Two campers on Mt. Diablo were struck by lightning the other night. They were occupying the campground in the middle of a thunderstorm, because they had no place to go. Their home had been foreclosed.
This foreclosure lightning bolt has struck several times in my Oakley neighborhood. It felt like a ghost town for awhile. Years later, the house across the street is still empty. Down the block and around the corner, several more.
Most often, we only get the numbers. We know, for instance, that 1.2 million California homeowners have been foreclosed since 2008. What we seldom get are the stories behind the numbers, like that of the two campers on Mt. Diablo or friends and neighbors who couldn't keep up with the balloon payments on homes going underwater faster than Titanic.

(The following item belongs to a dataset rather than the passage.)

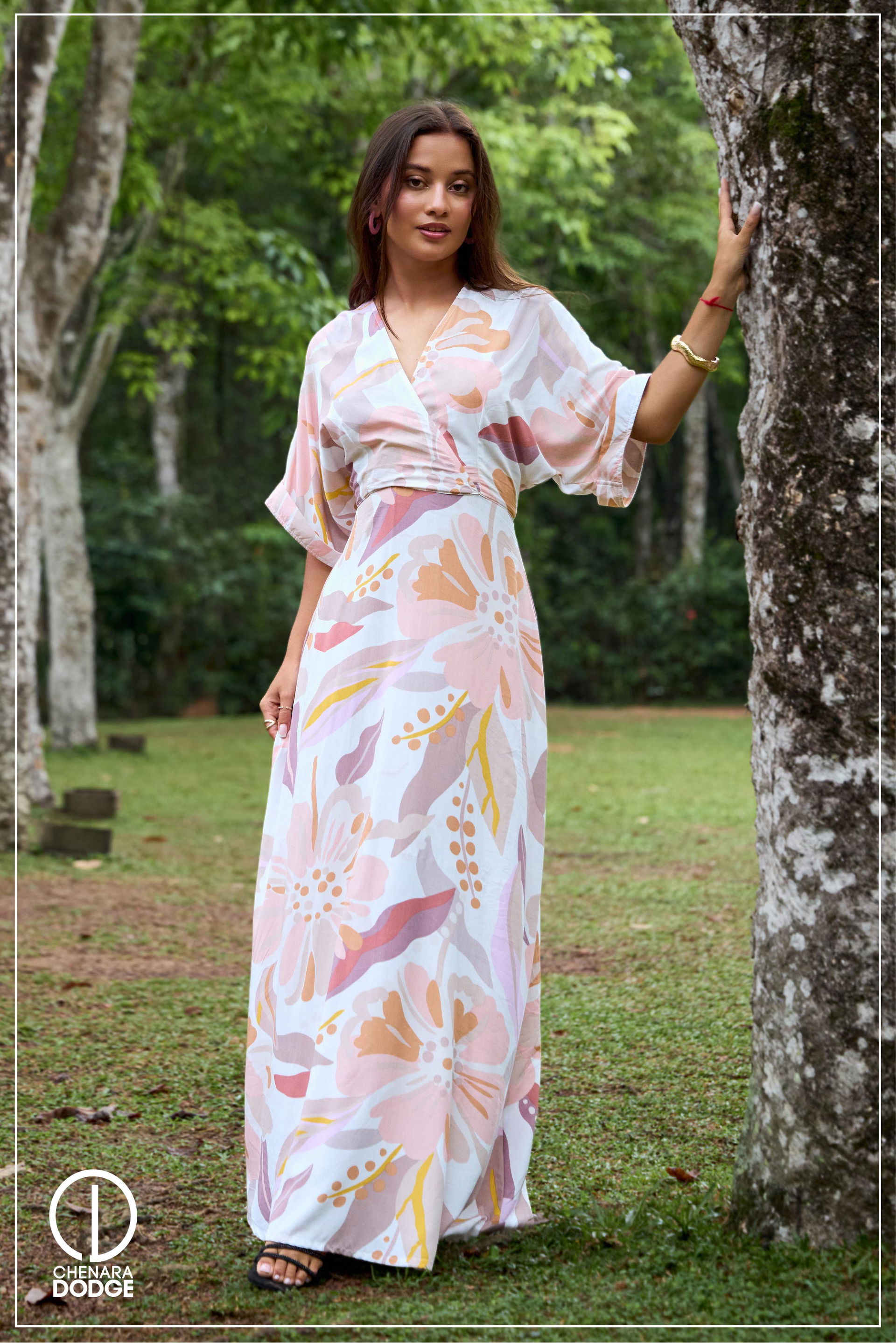 HARTLIE BELL SLEEVE MAXI DRESS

Few, if any, lifeboats were available for these people but it's a different story if you're well-placed. Last fall the Oakley City Council, with one lone dissent, voted a $366,000 bailout on our city manager's taxpayer-funded, underwater mortgage. This came after the Council had suspended his payments when the manager, who makes around $200,000, cried poor. Indeed, he was so poor that, according to the Contra Costa Times, he bought another home with the money from the payments he didn't have to make.
But where was the forgiveness of my neighbors' loans? Under intense public pressure the Council rescinded the deal, but the damage to public trust had been done.